Why do Boards Differ? Because Owners Do: Assessing Ownership Impact on Board Composition
Manuscript Type Empirical
Research Question/Issue Does the ownership structure of a firm, specifically the aggregation of the different ownership types within each firm, relate with the composition of its board? Research Findings/Insights Using archival data from a sample comprising 1,487 U.S. firms, we find that the composition of the individual profiles of directors on corporate boards (i.e., independent, affiliated, or insider) match a firm's aggregated ownership configuration (institutional, corporate parent, family-entrepreneur control) even after parsing out the impact of CEO characteristics, firm size, and performance. Further analyses elaborate on the specific relationship between each director profile and ownership types present within the firm.
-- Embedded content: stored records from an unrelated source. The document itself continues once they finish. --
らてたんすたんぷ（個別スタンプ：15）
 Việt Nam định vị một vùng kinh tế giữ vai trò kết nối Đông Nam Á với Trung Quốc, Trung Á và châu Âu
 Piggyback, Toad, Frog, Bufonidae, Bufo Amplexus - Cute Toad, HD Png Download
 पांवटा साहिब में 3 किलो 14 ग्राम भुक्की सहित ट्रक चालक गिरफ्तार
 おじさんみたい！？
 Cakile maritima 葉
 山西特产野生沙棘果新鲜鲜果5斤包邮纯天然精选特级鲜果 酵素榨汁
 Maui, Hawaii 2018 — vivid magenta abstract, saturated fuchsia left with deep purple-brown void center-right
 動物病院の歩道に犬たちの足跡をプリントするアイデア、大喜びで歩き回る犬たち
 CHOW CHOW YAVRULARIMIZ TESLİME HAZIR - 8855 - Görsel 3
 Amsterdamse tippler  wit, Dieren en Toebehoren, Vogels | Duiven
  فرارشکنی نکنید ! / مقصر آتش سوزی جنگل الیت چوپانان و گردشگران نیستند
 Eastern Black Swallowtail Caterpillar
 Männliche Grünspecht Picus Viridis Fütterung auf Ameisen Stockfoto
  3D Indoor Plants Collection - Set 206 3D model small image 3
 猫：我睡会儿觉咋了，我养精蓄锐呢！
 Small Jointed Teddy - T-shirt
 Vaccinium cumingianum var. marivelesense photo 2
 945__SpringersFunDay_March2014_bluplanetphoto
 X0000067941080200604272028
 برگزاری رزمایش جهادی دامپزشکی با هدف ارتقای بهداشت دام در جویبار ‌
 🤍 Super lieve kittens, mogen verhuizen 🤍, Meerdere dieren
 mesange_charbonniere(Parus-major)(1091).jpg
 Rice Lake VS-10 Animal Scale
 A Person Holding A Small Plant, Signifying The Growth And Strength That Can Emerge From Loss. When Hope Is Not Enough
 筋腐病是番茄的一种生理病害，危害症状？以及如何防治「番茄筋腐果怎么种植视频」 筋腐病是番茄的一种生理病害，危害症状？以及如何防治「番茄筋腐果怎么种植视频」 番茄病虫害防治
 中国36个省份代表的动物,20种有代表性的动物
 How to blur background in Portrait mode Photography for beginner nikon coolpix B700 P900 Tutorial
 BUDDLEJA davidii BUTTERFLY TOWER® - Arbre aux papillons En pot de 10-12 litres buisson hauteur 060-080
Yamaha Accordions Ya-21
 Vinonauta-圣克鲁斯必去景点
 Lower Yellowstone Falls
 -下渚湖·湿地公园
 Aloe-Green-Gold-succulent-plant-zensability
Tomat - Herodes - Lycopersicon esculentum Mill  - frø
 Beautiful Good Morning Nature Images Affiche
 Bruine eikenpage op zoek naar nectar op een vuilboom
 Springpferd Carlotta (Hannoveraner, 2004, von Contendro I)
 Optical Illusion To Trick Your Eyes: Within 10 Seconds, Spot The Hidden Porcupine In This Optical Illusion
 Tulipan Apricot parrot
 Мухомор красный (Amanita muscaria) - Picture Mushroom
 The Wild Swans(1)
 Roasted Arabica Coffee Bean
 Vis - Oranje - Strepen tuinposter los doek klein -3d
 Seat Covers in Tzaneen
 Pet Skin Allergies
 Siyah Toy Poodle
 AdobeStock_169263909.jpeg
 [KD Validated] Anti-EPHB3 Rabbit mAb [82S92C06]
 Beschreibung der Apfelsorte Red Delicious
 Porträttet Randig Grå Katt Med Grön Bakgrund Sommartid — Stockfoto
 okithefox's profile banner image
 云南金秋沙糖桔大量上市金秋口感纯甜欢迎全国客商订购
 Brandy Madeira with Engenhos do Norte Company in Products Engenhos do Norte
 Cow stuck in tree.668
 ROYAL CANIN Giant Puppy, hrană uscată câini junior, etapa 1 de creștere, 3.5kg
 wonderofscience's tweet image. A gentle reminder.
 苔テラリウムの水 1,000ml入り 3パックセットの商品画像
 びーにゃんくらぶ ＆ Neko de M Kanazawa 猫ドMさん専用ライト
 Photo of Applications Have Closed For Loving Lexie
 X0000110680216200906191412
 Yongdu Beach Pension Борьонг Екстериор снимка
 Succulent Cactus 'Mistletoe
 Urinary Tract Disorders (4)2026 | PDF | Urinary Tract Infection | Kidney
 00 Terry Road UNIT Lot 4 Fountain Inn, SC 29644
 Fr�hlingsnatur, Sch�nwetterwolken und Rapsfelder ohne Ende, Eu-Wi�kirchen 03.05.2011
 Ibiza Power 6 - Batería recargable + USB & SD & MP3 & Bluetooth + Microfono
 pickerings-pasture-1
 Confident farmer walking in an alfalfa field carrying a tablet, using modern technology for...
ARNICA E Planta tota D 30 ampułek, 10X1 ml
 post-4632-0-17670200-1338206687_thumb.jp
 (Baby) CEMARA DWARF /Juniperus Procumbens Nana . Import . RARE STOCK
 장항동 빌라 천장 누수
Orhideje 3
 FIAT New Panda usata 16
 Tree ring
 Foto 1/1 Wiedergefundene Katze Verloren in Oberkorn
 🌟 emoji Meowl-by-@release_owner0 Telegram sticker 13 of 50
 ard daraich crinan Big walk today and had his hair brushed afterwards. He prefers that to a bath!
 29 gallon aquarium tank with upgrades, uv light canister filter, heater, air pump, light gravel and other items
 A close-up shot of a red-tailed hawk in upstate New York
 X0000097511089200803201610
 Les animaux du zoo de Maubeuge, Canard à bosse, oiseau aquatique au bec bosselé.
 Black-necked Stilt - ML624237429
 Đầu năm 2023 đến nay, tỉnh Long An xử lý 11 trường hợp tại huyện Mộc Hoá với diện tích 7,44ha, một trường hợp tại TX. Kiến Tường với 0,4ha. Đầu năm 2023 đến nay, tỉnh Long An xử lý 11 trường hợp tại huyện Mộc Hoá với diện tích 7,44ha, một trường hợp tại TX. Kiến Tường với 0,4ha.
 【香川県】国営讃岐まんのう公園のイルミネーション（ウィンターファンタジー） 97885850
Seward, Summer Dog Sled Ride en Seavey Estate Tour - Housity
Theoretical/Academic Implications This study builds upon three conceptual perspectives: agency, resource dependency, and behavioral. We argue that each type of ownership has differing imperatives and may prefer different types of directors to fulfill their governance needs. The paper illustrates that the relationship between corporate governance, specifically board composition, and ownership is a comprehensive phenomenon that is best understood through multiple theoretical lenses.
Practitioner/Policy Implications This study shows that ownership and board composition are not substitutable governance mechanisms as commonly understood, but might be complementary mechanisms. A finding that governance mechanisms are complementary implies that regulatory or institutional pressures to modify board composition with the addition of directors with similar profiles may affect the governance in unforeseen ways.
Sur, Sujit, Elena Lvina, and Michel Magnan. "Why do Boards Differ? Because Owners Do: Assessing Ownership Impact on Board Composition." Corporate Governance: An International Review 21.4 (2013): 373-389.